Two main approaches to implementing address spaces: using segments and using page tables. Often when one uses segments, one also uses page tables. But not the other way around; i.e., paging without segmentation is common.

Example support for address spaces: x86

For an operating system to provide address spaces and address translation typically requires support from hardware. The translation and checking of permissions typically must happen on each address used by a program, and it would be too slow to check that in software (if even possible). The division of labor is operating system manages address spaces, and hardware translates addresses and checks permissions.

PC block diagram without virtual memory support:

physical address
base, IO hole, extended memory
Physical address == what is on CPU's address pins

The x86 starts out in real mode and translation is as follows:

segment*16+offset ==> physical address
no protection: program can load anything into seg reg

The operating system can switch the x86 to protected mode, which allows the operating system to create address spaces. Translation in protected mode is as follows:

selector:offset (logical addr)
==SEGMENTATION==>
linear address
==PAGING ==>
physical address

Next lecture covers paging; now we focus on segmentation.

Protected-mode segmentation works as follows:

protected-mode segments add 32-bit addresses and protection
- wait: what's the point? the point of segments in real mode was bigger addresses, but 32-bit mode fixes that!
segment register holds segment selector
selector indexes into global descriptor table (GDT)
segment descriptor holds 32-bit base, limit, type, protection
la = va + base ; assert(va < limit);
seg register usually implicit in instruction
- DS:REG
  - movl $0x1, _flag
- SS:ESP, SS:EBP
  - pushl %ecx, pushl $_i
  - popl %ecx
  - movl 4(%ebp),%eax
- CS:EIP
  - instruction fetch
- String instructions: read from DS:ESI, write to ES:EDI
  - rep movsb
- Exception: far addresses
  - ljmp $selector, $offset
LGDT instruction loads CPU's GDT register
you turn on protected mode by setting PE bit in CR0 register
what happens with the next instruction? CS now has different meaning...
How to transfer from segment to another, perhaps with different priveleges.
- Current privilege level (CPL) is in the low 2 bits of CS
- CPL=0 is privileged O/S, CPL=3 is user
- Within in the same privelege level: ljmp.
- Transfer to a segment with more privilege: call gates.
  - a way for app to jump into a segment and acquire privs
  - CPL must be <= descriptor's DPL in order to read or write segment
  - call gates can change privelege and switch CS and SS segment
  - call gates are implemented using a special type segment descriptor in the GDT.
  - interrupts are conceptually the same as call gates, but their descriptor is stored in the IDT. We will use interrupts to transfer control between user and kernel mode, both in JOS and xv6. We will return to this in the lecture about interrupts and exceptions.
What about protection?
- can o/s limit what memory an application can read or write?
- app can load any selector into a seg reg...
- but can only mention indices into GDT
- app can't change GDT register (requires privilege)
- why can't app write the descriptors in the GDT?
- what about system calls? how to they transfer to kernel?
- app cannot just lower the CPL

Case study (xv6)

xv6 is a reimplementation of Unix 6th edition.

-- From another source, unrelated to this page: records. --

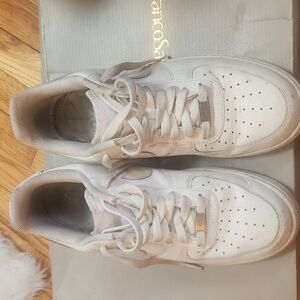 - White Nike Aiff orce One Sneakers Size Us 8.5 Good Condition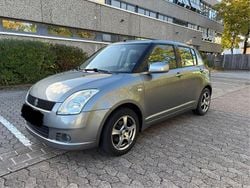 Grau Gebraucht 2005 Suzuki Swift Limousine | 1.800 € (Fairer Preis)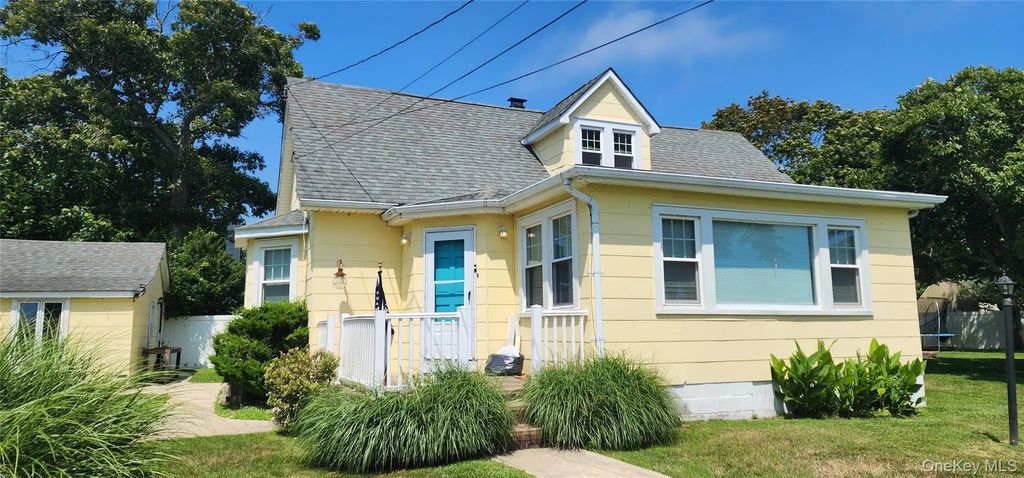 9 Babylon Road, Mastic Beach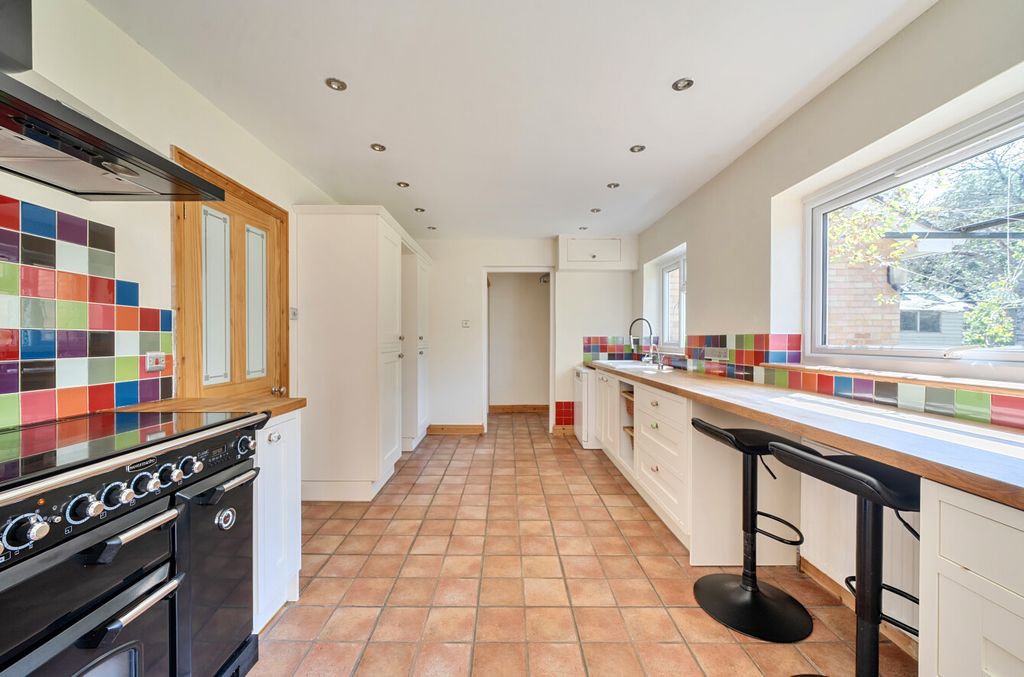 Property photo 2 of 24 Kitchen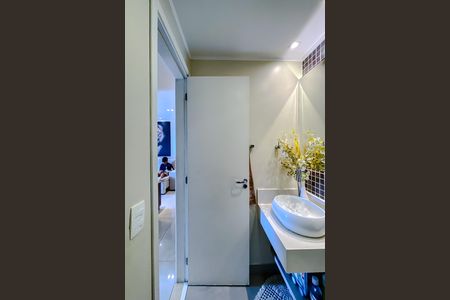 Apartamento à venda com 66m², 2 quartos e 1 vaga Apartamento à venda com 66m², 2 quartos e 1 vagaBanheiro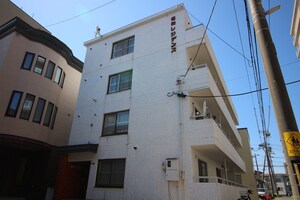 信和レジデンス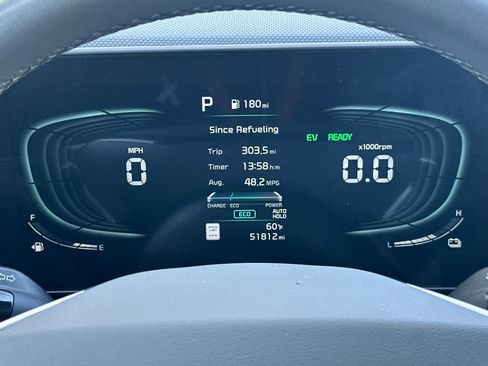 Used 2023 Kia Niro EX image 17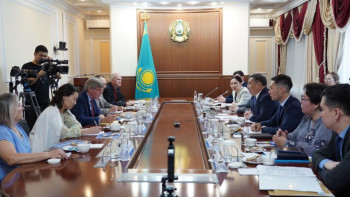 Фотография к новости: Көкшетауда Аризона штатының университетімен білім беру ынтымақтастығының мүмкіндіктері талқыланды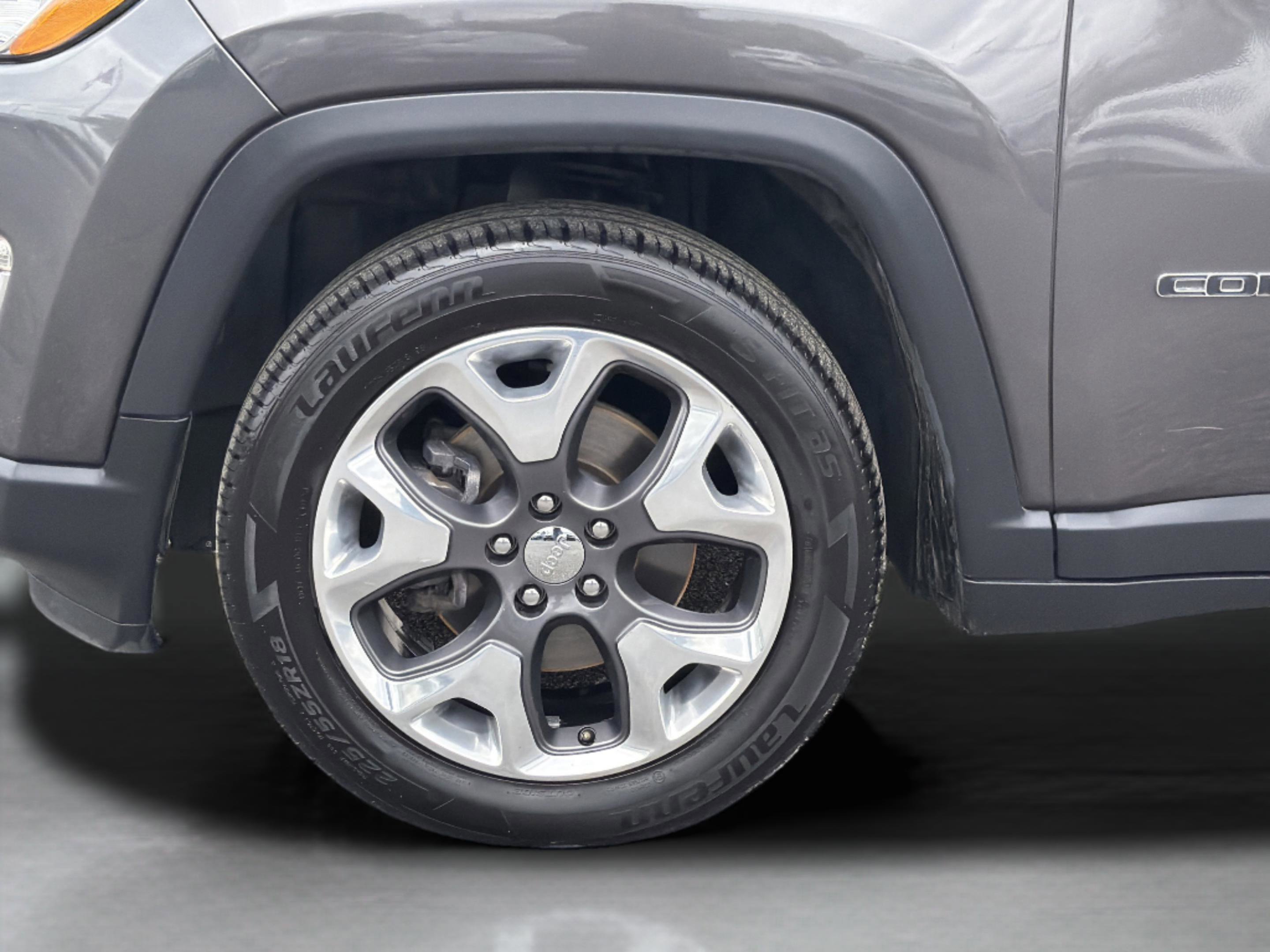 Used 2019 Jeep Compass Limited image 12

v6 is a version of the orginal Unix operating system for DEC PDP11
- PDP-11 (1972):
- 16-bit processor, 18-bit physical (40)
- UNIBUS
- memory-mapped I/O
- performance: less than 1MIPS
- register-to-register transfer: 0.9 usec
- 56k-228k (40)
- no paging, but some segmentation support
- interrupts, traps
- about $10K
- rk disk with 2MByte of storage
- with cabinet 11/40 is 400lbs
Unix v6
- Unix papers.
- 1976; first widely available Unix outside Bell labs
- Thompson and Ritchie
- Influenced by Multics but simpler.
- complete (used for real work)
- Multi-user, time-sharing
- small (43 system calls)
- modular (composition through pipes; one had to split programs!!)
- compactly written (2 programmers, 9,000 lines of code)
- advanced UI (shell)
- introduced C (derived from B)
- distributed with source
- V7 was sold by Microsoft for a couple years under the name Xenix
Lion's commentary
- surpressed because of copyright issue
- resurfaced in 1996
xv6 written for 6.828:
- v6 reimplementation for x86
- does't include all features of v6 (e.g., xv6 has 20 of 43 system calls).
- runs on symmetric multiprocessing PCs (SMPs).

Newer Unixs have inherited many of the conceptual ideas even though they added paging, networking, graphics, improve performance, etc.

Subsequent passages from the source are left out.